JOHN J. BOYLE & others vs. PHILIP J. OWENS & another.

Supreme Judicial Court of Massachusetts, Suffolk.

January 5, 1950.

June 28, 1950.

Present: QUA, C.J., RONAN, WILKINS, SPALDING, & COUNIHAN, JJ.

*164 J.M. Graham, for the defendants.

B.L. Schwalb, for the plaintiffs.

QUA, C.J.

The plaintiffs are three of the seven children and heirs at law of Mary A. Boyle, late of Boston. They bring this suit against their sister, Mrs. Owens, and her husband to set aside a deed of the family residence on Norfolk Street in that part of Boston known as Dorchester. Mrs. Boyle gave the deed to Mrs. Owens and her husband as tenants by the entirety. It was given without consideration. It bore the date of July 24, 1947, but was not recorded until June 28, 1948. Mrs. Boyle died October 13, 1948. The only issue remaining in the case is whether the deed was delivered by Mrs. Boyle in her lifetime as a present conveyance of the property or was intended in lieu of a testamentary disposition to take effect only after Mrs. Boyle's death. The evidence is reported.

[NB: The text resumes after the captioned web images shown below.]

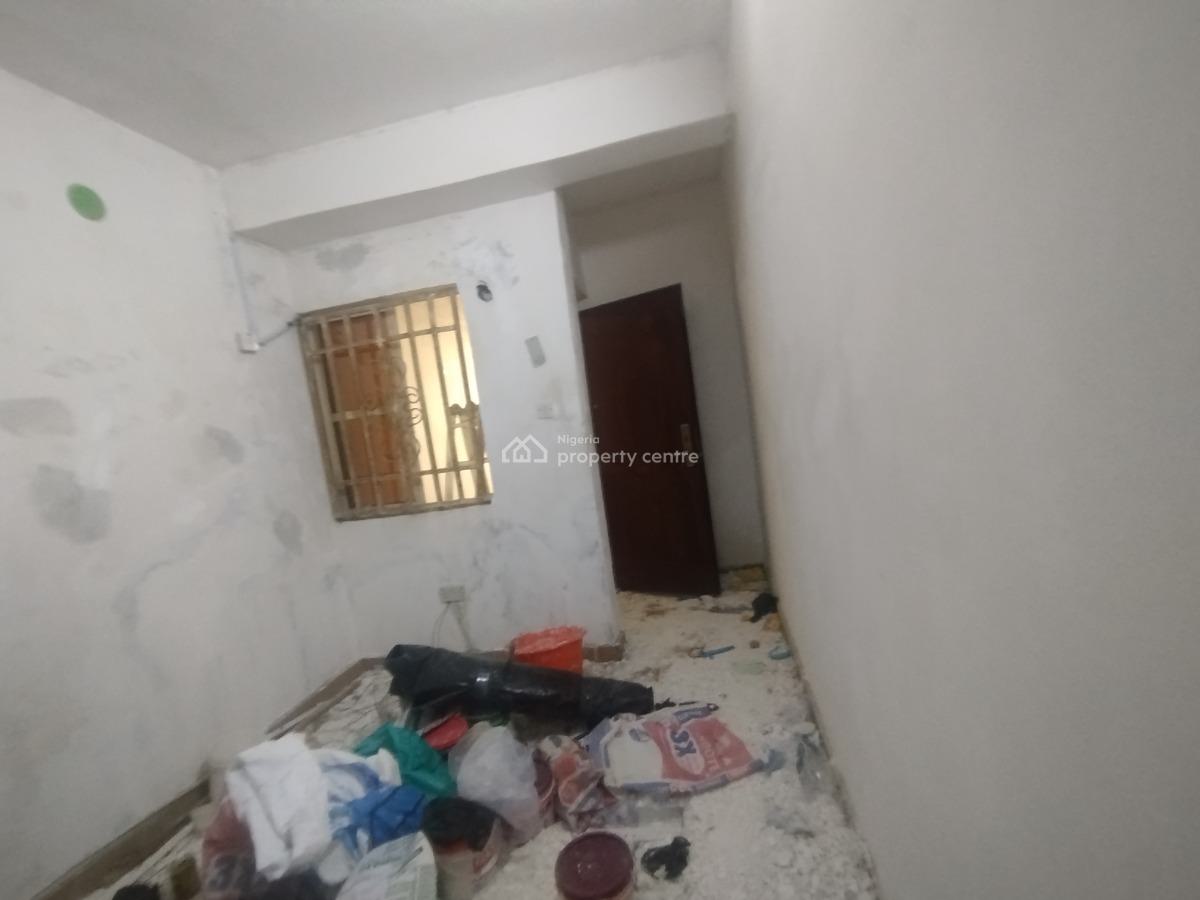 Fully Serviced a Room Boys Quarter Upstairs, Parkview Estate, Ikoyi, Lagos, Self Contain (single Rooms) for Rent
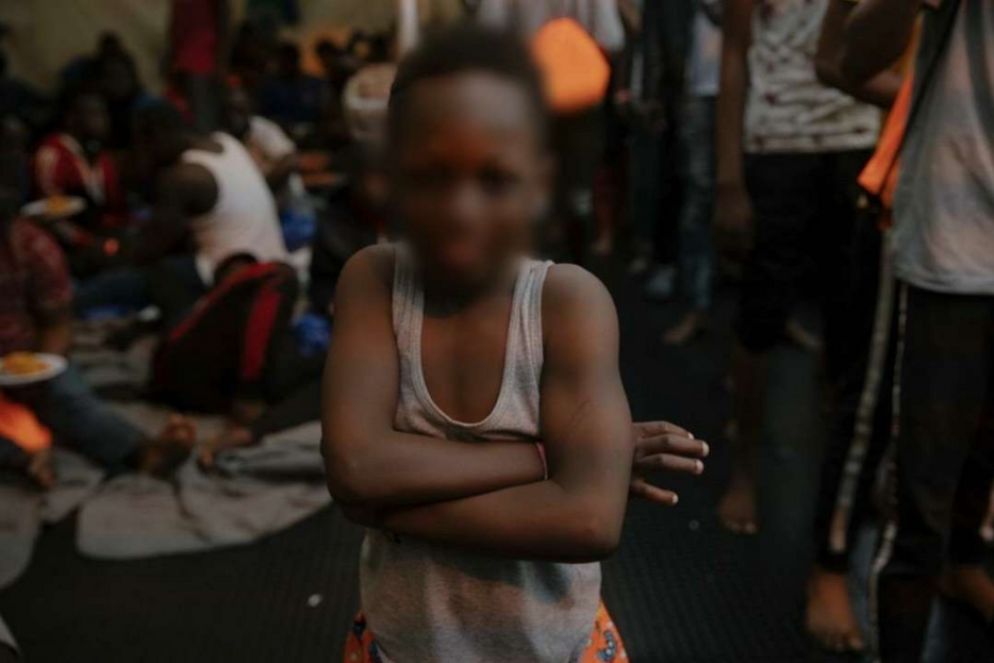 Il bambino sul ponte della nave Sea Watch dopo il salvataggio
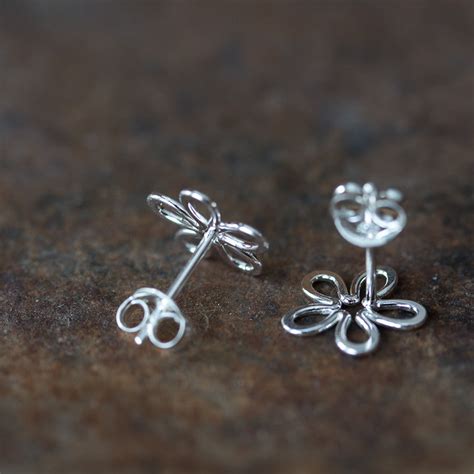 Dainty Sterling Silver Flower Stud Earrings, Simple Daisy – CookOnStrike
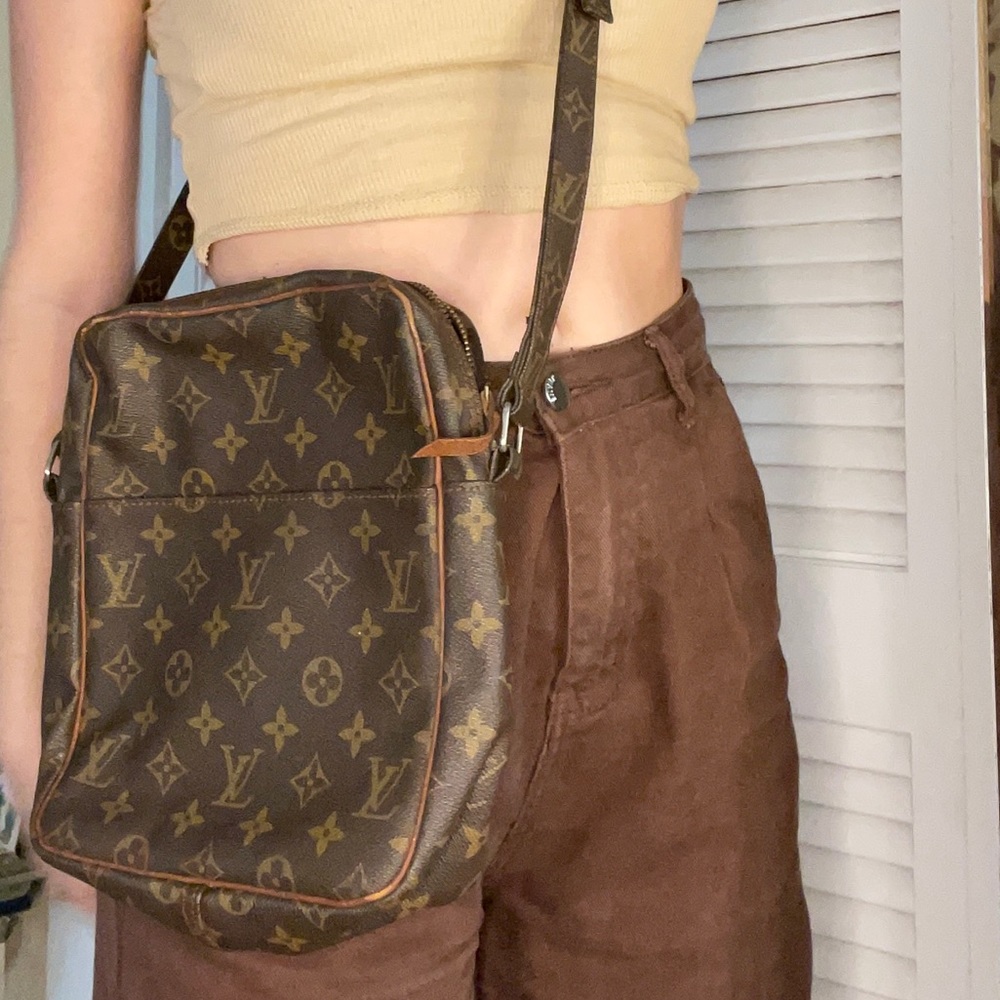 Authentic Vintage Louis Vuitton Danube monogram crossbody bag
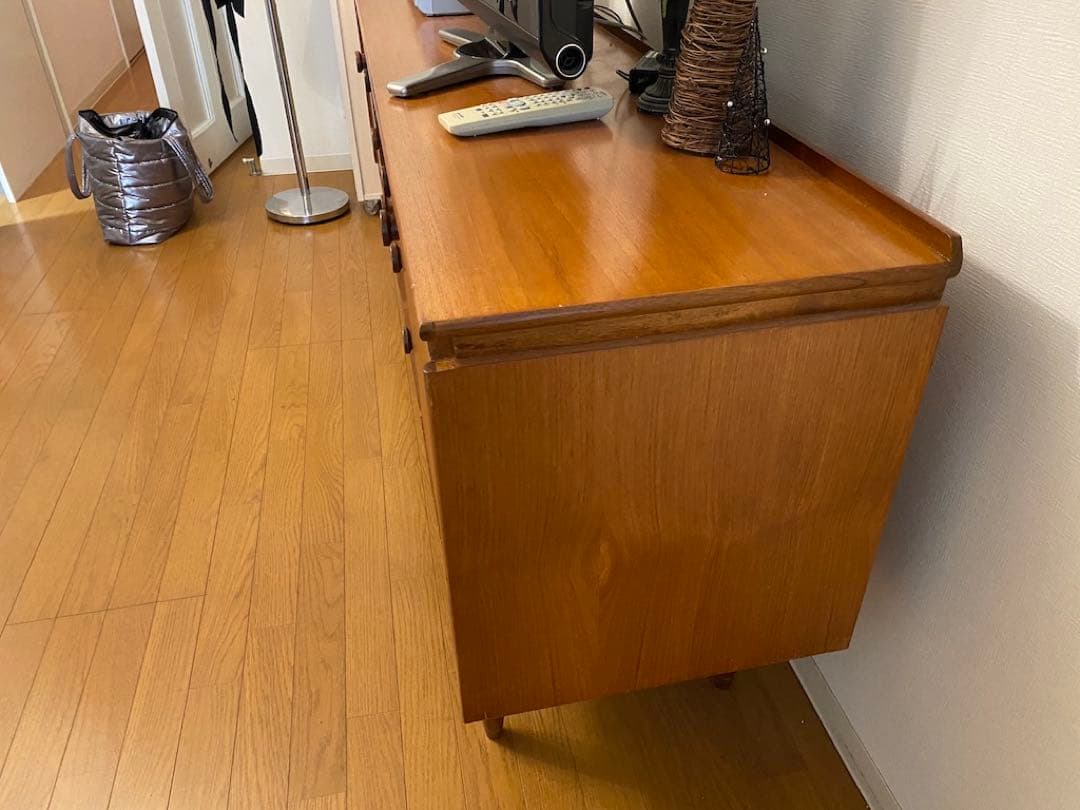 ロイズアンティークス サイドボード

The issue is clearly an issue of fact. The trial judge found that the grantor and the grantees in the deed did not intend the deed to effect a present transfer of the real estate, "but the same was an attempt on the part of said Mary A. Boyle to make a testamentary disposition of the said real estate"; that there was no effectual and legal delivery of the deed during the lifetime of the grantor Mary A. Boyle; that the deed was not intended by the parties thereto to become operative and effectual as to title or enjoyment `until the death of the grantor; and that the parties to the deed intended that title should not pass to the grantees until after the death of the grantor. The judge entered a final decree in favor of the plaintiffs.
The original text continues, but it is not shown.